In the above-mentioned perovskite structural material, the M metal is a combination of copper and nickel. Preferably, the molar ratio of copper to nickel is x:(1-x), x=0.1~0.9, for example 0.10:0.90, 0.20:0.80, 0.30:0.70, 0.50:0.50, 0.80:0.20, 0.90:0.10, etc.

In the above-mentioned perovskite structural material, the M metal is a combination of zinc and iron. Preferably, the molar ratio of zinc to iron is x:(1-x), x=0.05~0.95, for example, 0.05:0.95, 0.10:0.90, 0.35:0.65, 0.45:0.55, 0.50:0.50, 0.80:0.20, 0.95:0.05, etc.

In the above-mentioned perovskite structural material, the M metal is a combination of zinc and nickel. Preferably, the molar ratio of zinc to nickel is x:(1-x), x=0.2~0.8, for example 0.20:0.80, 0.30:0.70, 0.45:0.55, 0.50:0.50, 0.6:0.4, 0.80:0.20, etc.

In the above-mentioned perovskite structural material, the M metal is a combination of iron and nickel. Preferably, the molar ratio of iron to nickel is x:(1-x), x=0.15~0.85, for example, 0.15:0.85, 0.20:0.80, 0.30:0.70, 0.45:0.55, 0.50:0.50, 0.80:0.20, 0.85:0.15, etc.

The method for preparing the perovskite structure material comprises the following steps:

(1) mixing an aqueous solution of a manganese salt with an aqueous solution of a metal salt of the M metal to obtain a metal salt solution;

(2) mixing the aqueous solution of bicarbonate with the metal salt solution for co-precipitation to obtain a precipitate;

(3) Drying the precipitate and then calcining it to obtain the perovskite structure material.

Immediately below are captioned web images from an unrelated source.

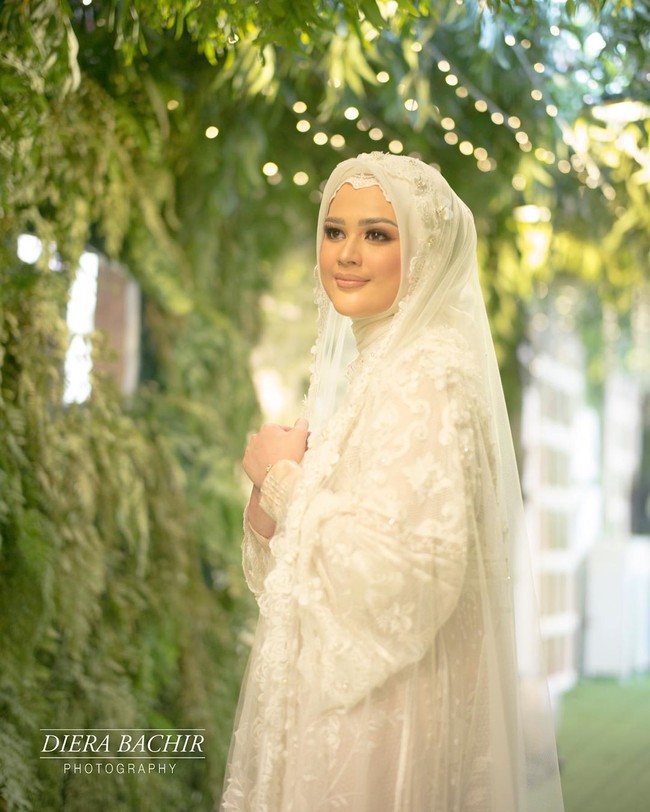 Sebelumnya, Cut Meyriska mengadakan pengajian di kediaman mempelai wanita di Medan. Dalam acara tersebut, Meyriska tampil tak kalah anggun dengan gaun putih berornamen bunga.  Foto: Dok. Instagram @dierabachir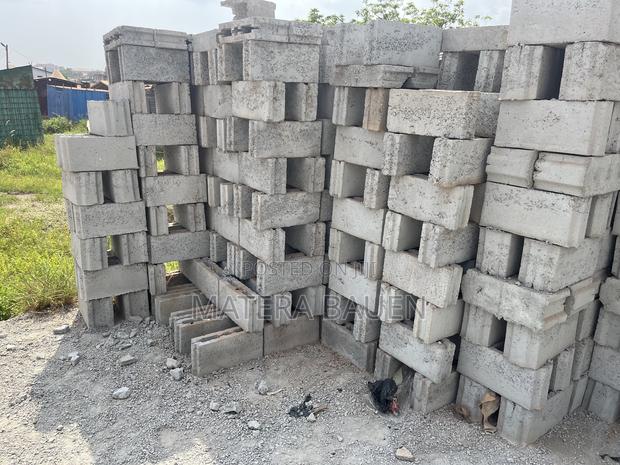 6” Hollow Concrete Blocks With Delivery · Photo 2
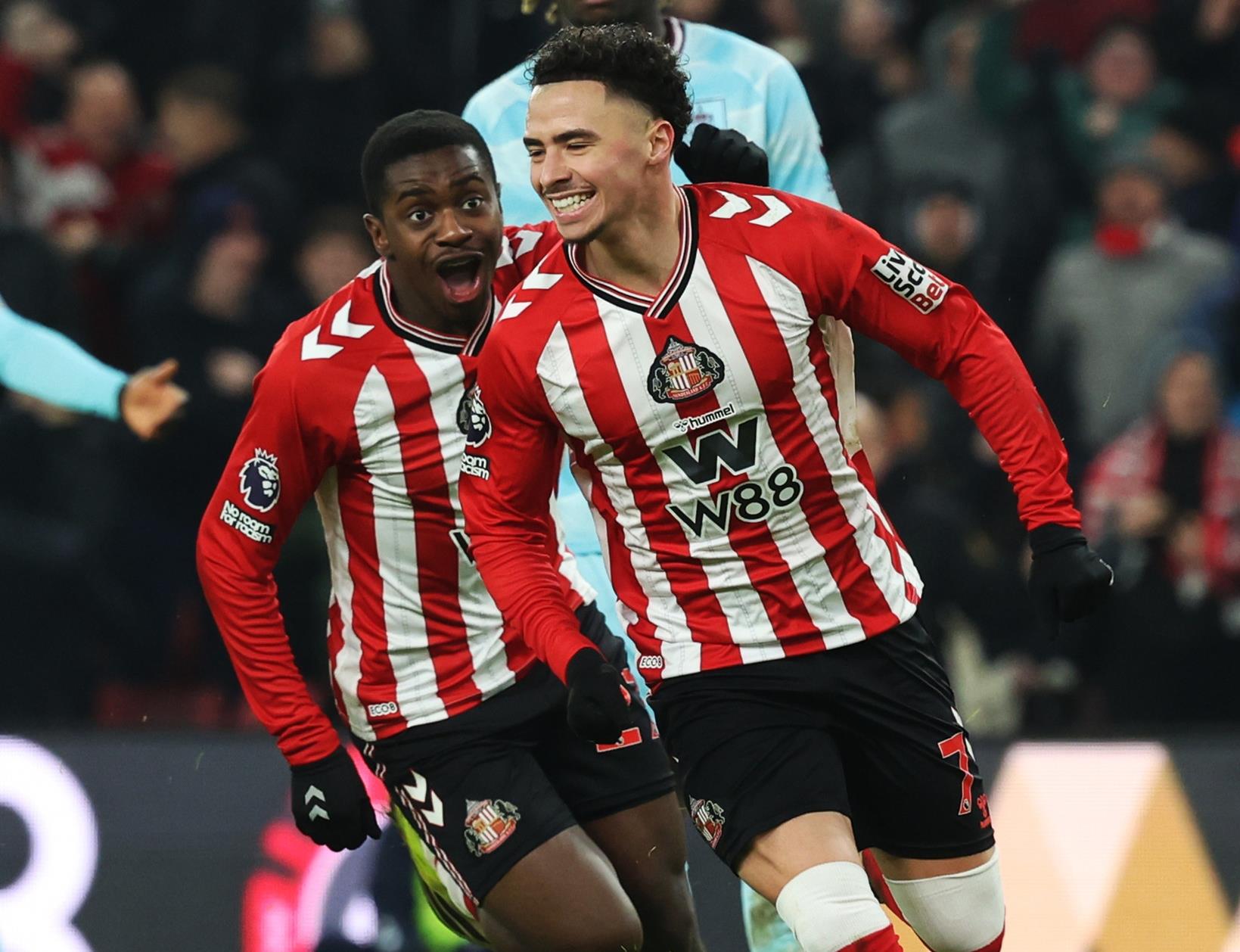 شمس الدين طالبي يقود سندرلاند لانتصار ثمين على بيرنلي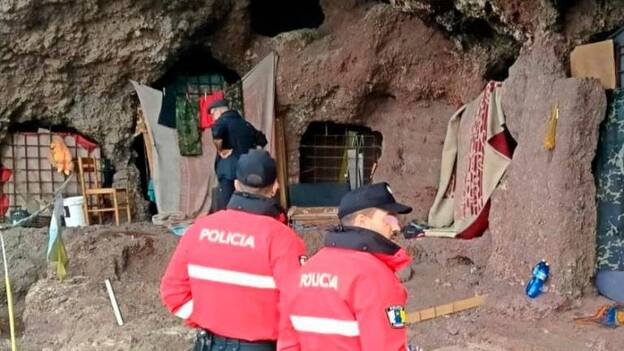 La Policía Canaria identifica a los ocupantes de la Cueva de los Canarios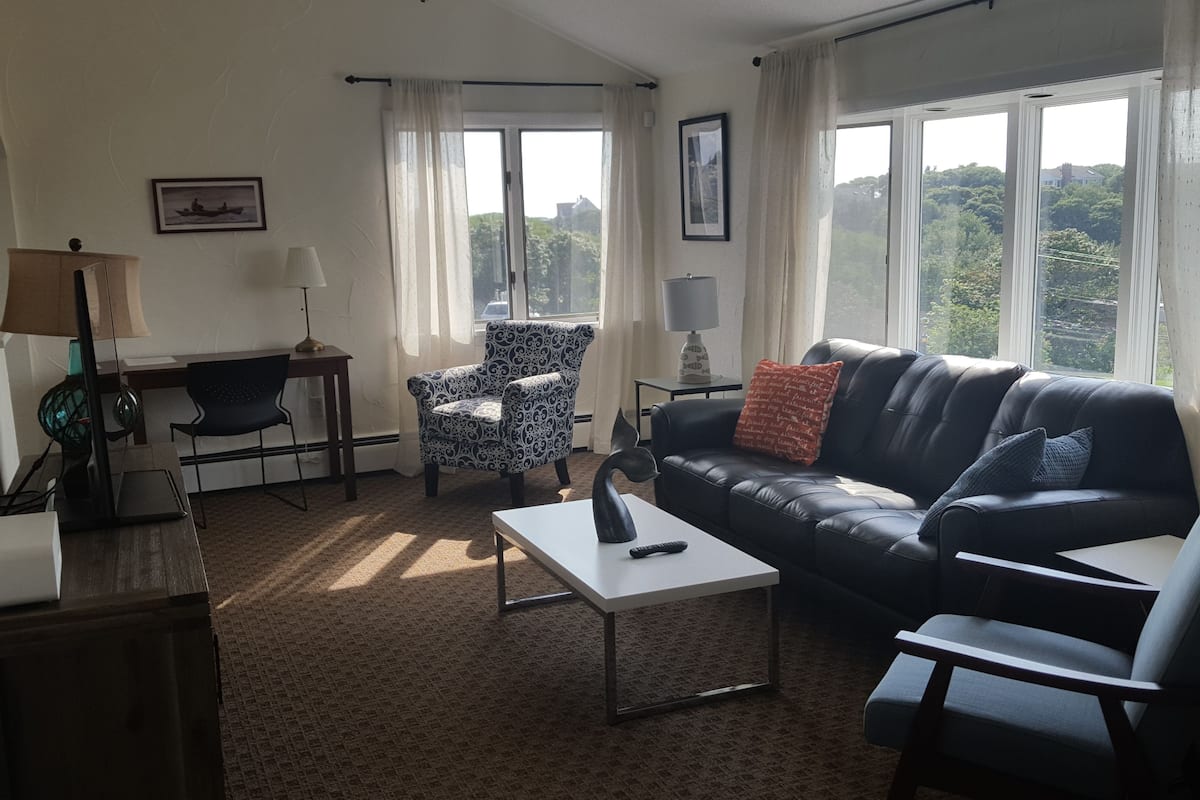 comfort apartment, 2 bedrooms | living area | flat-screen tv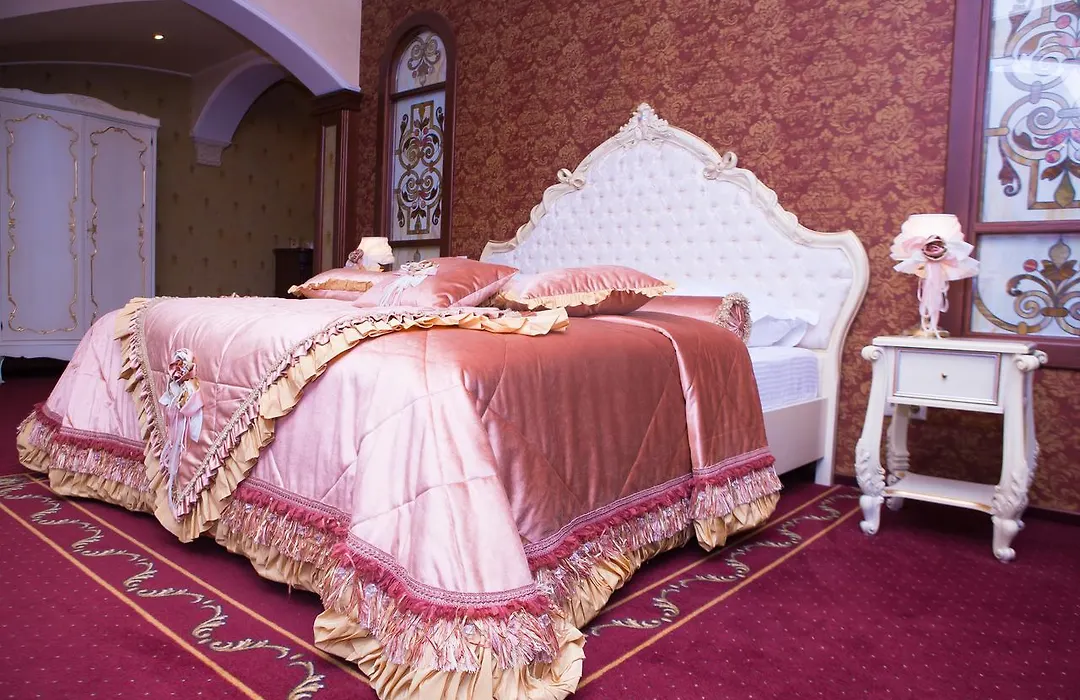 Hotel Elefant-1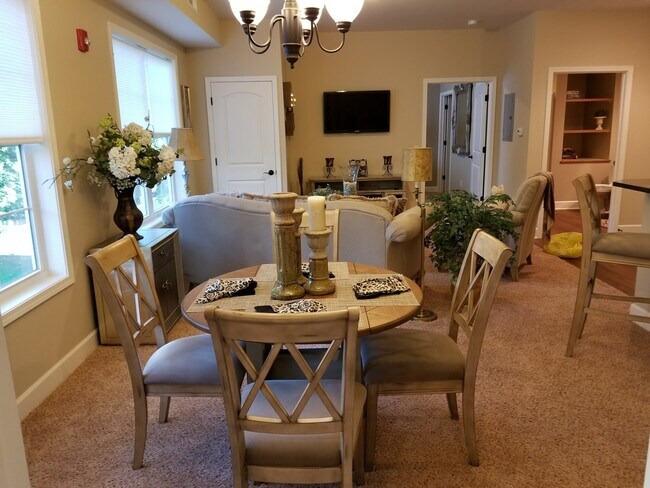 Foto del edificio - Hardwood Manor - Senior 55+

In step (1), the manganese salt may be any water-soluble manganese salt, such as manganese nitrate;

The metal salt of the M metal may be any water-soluble metal salt of the M metal, such as nitrate M salt;

The ratio of the aqueous solution of the manganese salt to the aqueous solution of the metal salt of the M metal is controlled so that the molar ratio of manganese to M metal is 1:5 to 5:1, specifically 1:1;

For example, the concentration of the aqueous solution of the manganese salt may be 0.1 mmol/L to 200 mmol/L, specifically 50 mmol/L;

The concentration of the aqueous solution of the metal salt of the M metal may be 0.1 mmol/L to 200 mmol/L, specifically 50 mmol/L;

The volume ratio of the aqueous solution of the manganese salt to the aqueous solution of the metal salt of the M metal may be 1:9 to 9:1, specifically 1:1.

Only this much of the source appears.